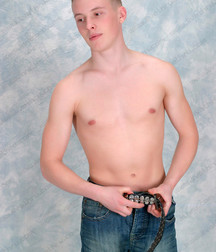 Sasha 5953cd8166c2a.jpg
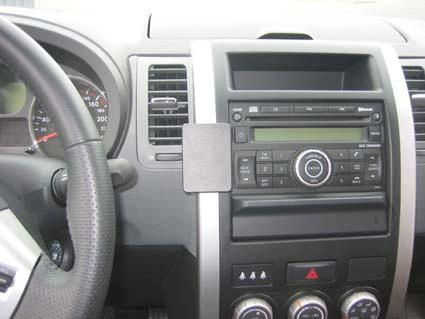 Nissan X-Trail 08-13, Centralny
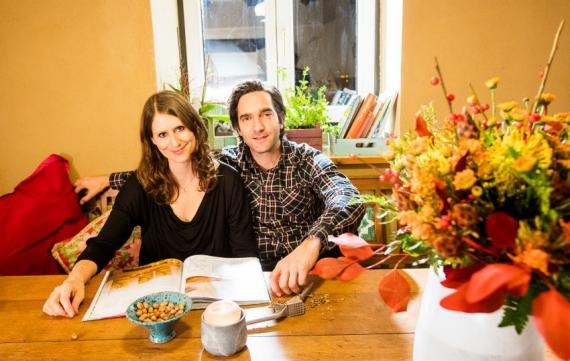 Bauernhaus renovieren - Thomas M. Held und Partnerin Annika am Esstisch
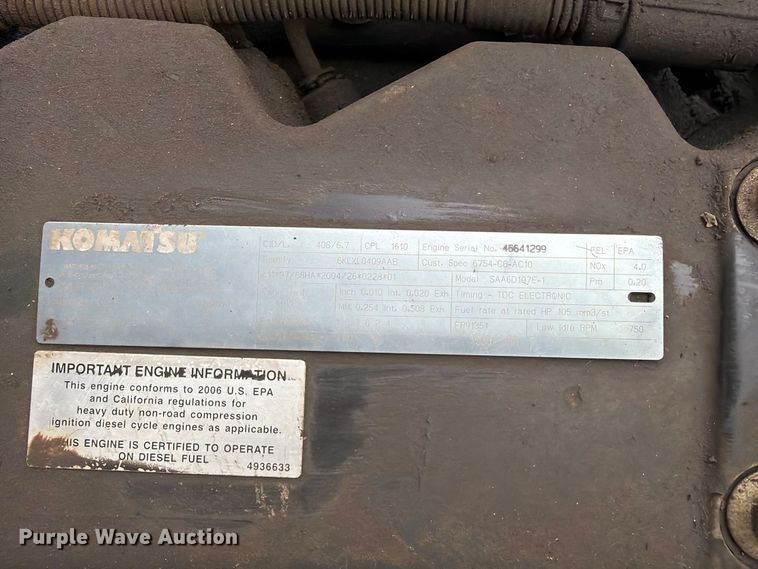 image for item FK3703 2006 Komatsu PC220LC-8 excavator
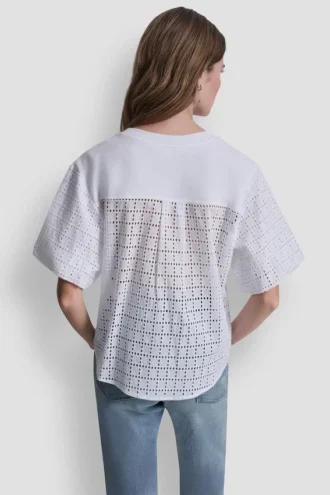 Camiseta con mangas abullonadas y ojales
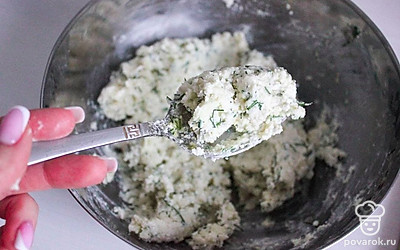 Перемешайте до однородной липкой массы. Руками сформируйте бублики, выложите их на противень, застеленный пергаментной бумагой или силиконовым ковриком. Сверху посыпьте бублики кунжутом.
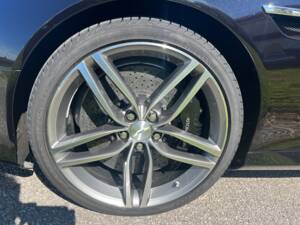 Bild 46/57 von Aston Martin Virage (2011)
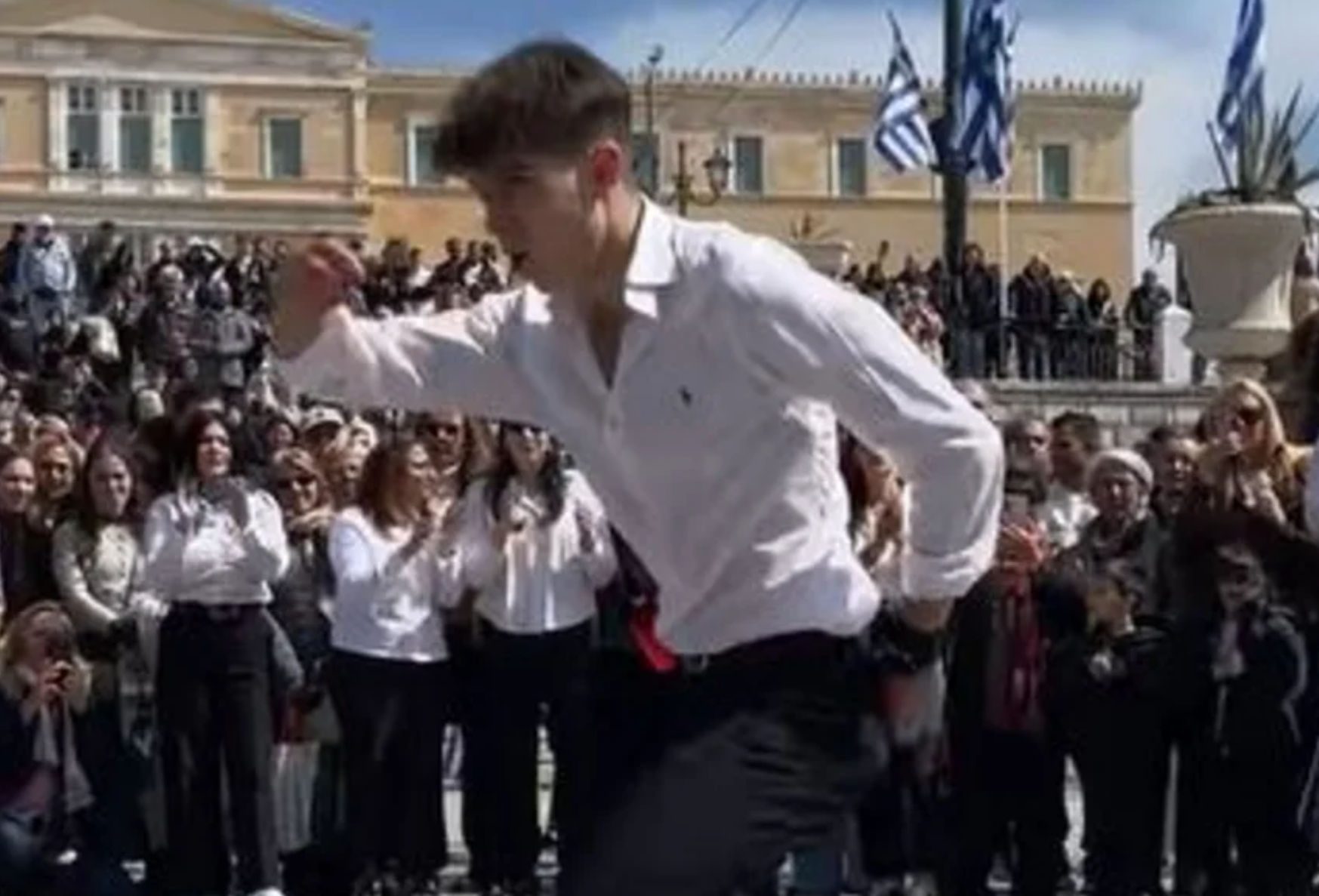 Το εντυπωσιακό ζεϊμπέκικο του νεαρού Μάνθου στο Σύνταγμα μετά την παρέλαση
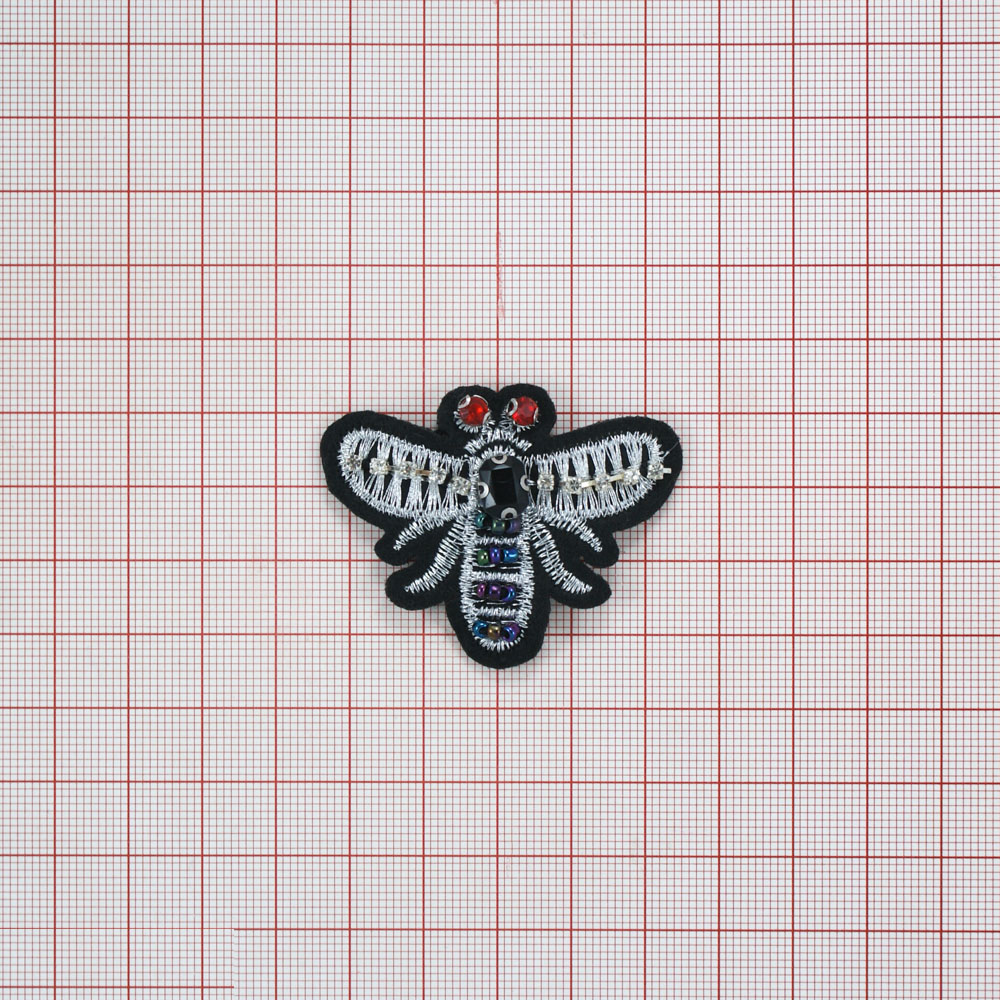 Аппликация пришивная бисер Муха черно-серебряная 5*4см черный, вышивка серебро, белый, красные камни, цветной бисер. Аппликации Пришивные Стразы, Бисер, Металл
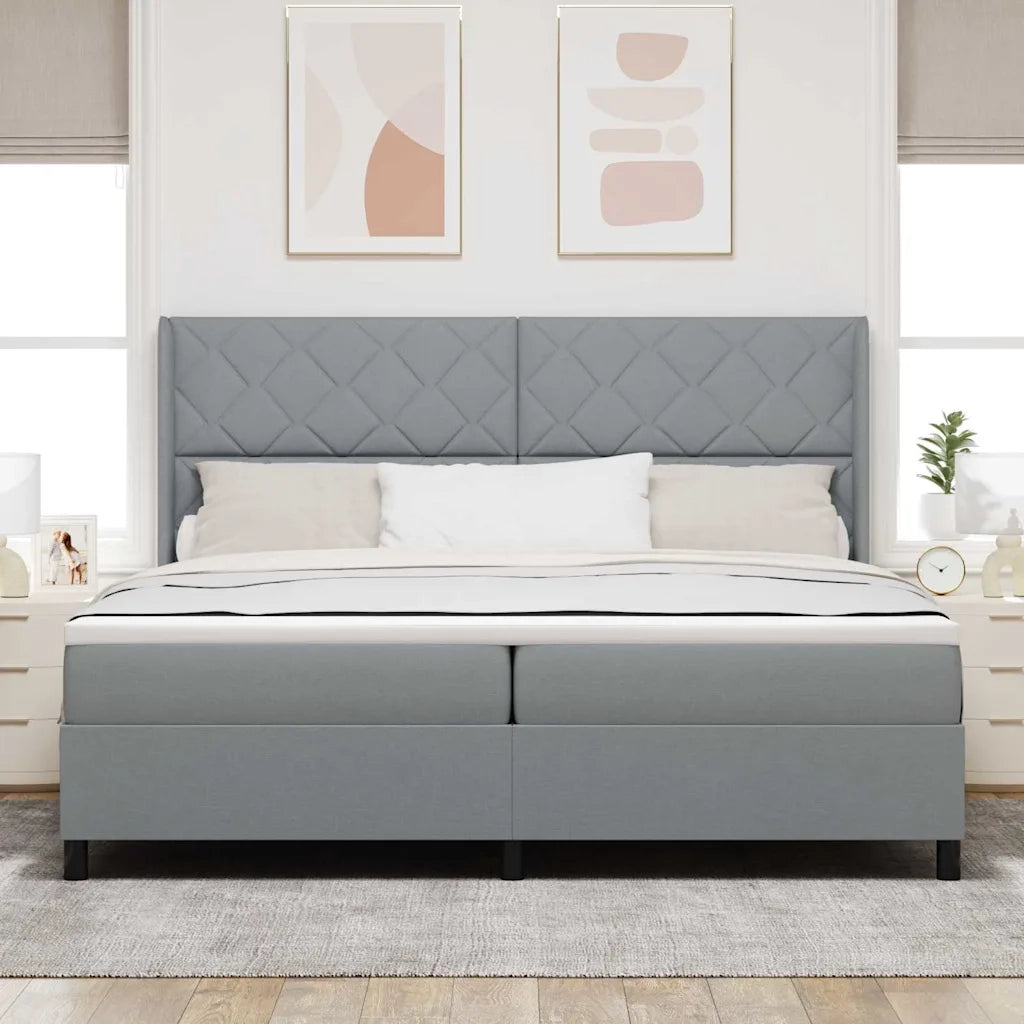 Letto a molle con materasso Grigio chiaro 200 x 200 cm Tessuto 3341728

——————————

* [About this exercise]
Without the pictures, please reproduce each line of the listing above exactly, from the first one through the line bearing "Аппликация пришивная бисер".

* [Completed exercise]
 Sasha 5953cd8166c2a.jpg
 Nissan X-Trail 08-13, Centralny
 Bauernhaus renovieren - Thomas M. Held und Partnerin Annika am Esstisch
 image for item FK3703 2006 Komatsu PC220LC-8 excavator
 Camiseta con mangas abullonadas y ojales
 Перемешайте до однородной липкой массы. Руками сформируйте бублики, выложите их на противень, застеленный пергаментной бумагой или силиконовым ковриком. Сверху посыпьте бублики кунжутом.
 Bild 46/57 von Aston Martin Virage (2011)
 Το εντυπωσιακό ζεϊμπέκικο του νεαρού Μάνθου στο Σύνταγμα μετά την παρέλαση
 Аппликация пришивная бисер Муха черно-серебряная 5*4см черный, вышивка серебро, белый, красные камни, цветной бисер. Аппликации Пришивные Стразы, Бисер, Металл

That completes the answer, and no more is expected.